Important IRS Tax Adjustments for 2014
The U.S. Tax Code is often referred to as a “living document” because it is constantly growing and evolving to account for new rules, laws, and key economic indicators such as inflation. As a result, the minimum and maximum thresholds governing various reporting, contribution, and deduction guidelines are subject to change from one tax year to the next.

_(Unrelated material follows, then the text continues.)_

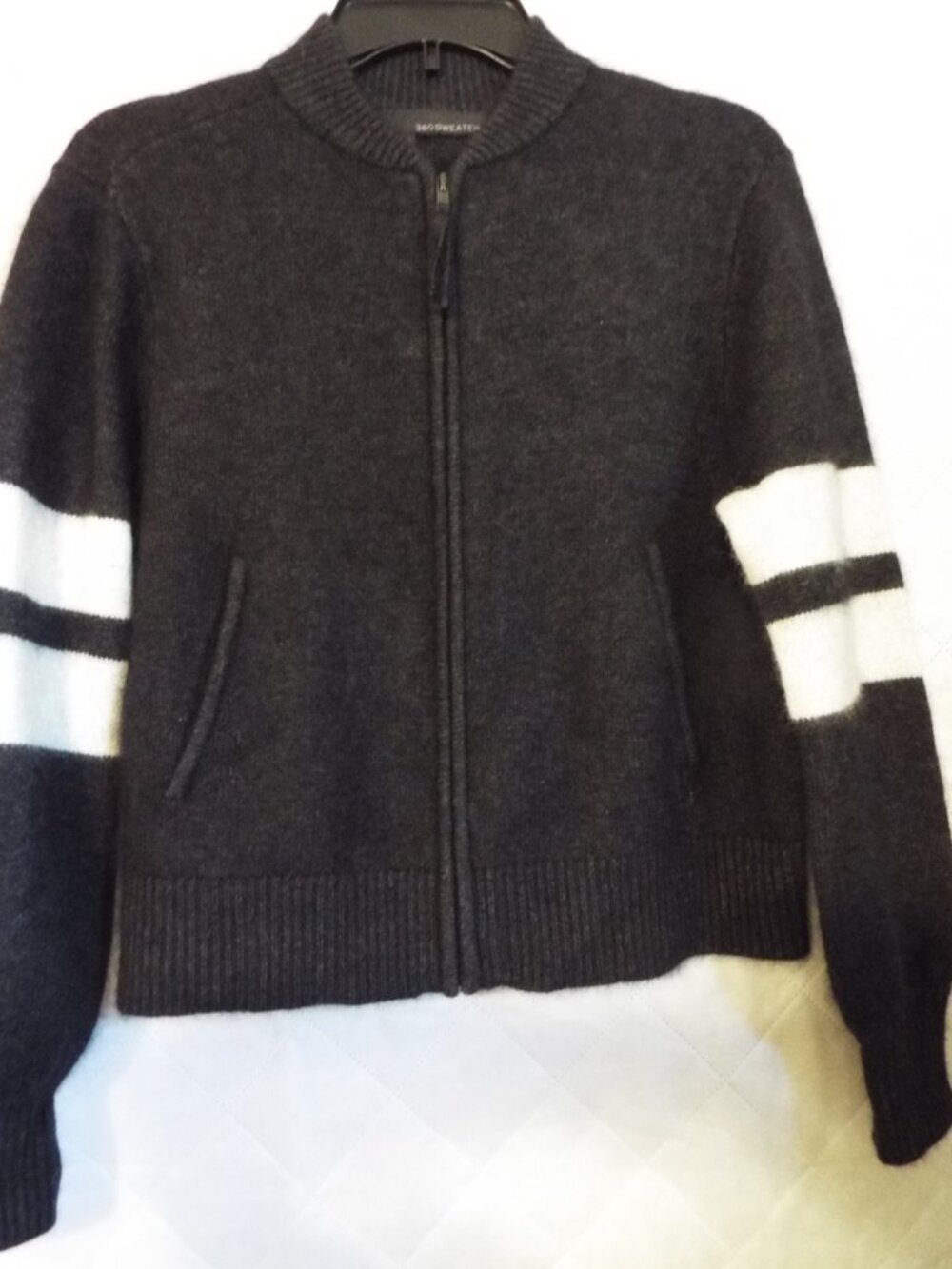 360 Sweater Dark Grey and White Stripe Sweater Size Extra Small NWT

To keep taxpayers and professional tax preparers informed of the latest revisions, the IRS must issue a list of these annual adjustments before they go into effect. Among the more important and relevant adjustments that small business owners should be aware of for the 2014 tax year are the following:
- The social security taxable wage limit will increase to $117,000
- Retirees that are under the full retirement age may earn up to $15,480 without losing any SS benefits
- The alternative minimum tax exemption will increase to $52,800 for single taxpayers and $82,100 for married couples filing jointly
- The kiddie tax threshold, which applies to age 19 (or to age 24 in the case of full-time students) will remain at $2,000
- The maximum first-year expensing deduction under Section 179 will decrease to $25,000, with a phase-out threshold set at $200,000
- The standard mileage rate for business use of a vehicle will decrease to $0.56/mi
- Health savings account (HSA) maximum contributions will increase to $3,300 for individuals; $4,300 for individuals 55 and over; and $6,550 for families
- The maximum IRA contribution limit will remain at $5,500 for individuals and $6,500 for individuals 50 and over
- The maximum 401(k) salary deferral amount will remain at $17,500 for individuals and $23,000 for individuals 50 and over
- The maximum salary deferral amount for SIMPLE plans will remain at $12,000 for individuals and $14,500 for individuals 50 and over
- The top estate tax rate will remain at 40%, but the exemption amount will increase to $5,340,000
These are just a few of the IRS adjustments you’ll need to be aware of as you plan for your 2014 individual and business tax liabilities. For a more comprehensive list of adjustments or to learn how these changes will affect your particular situation, please speak to your tax professional today.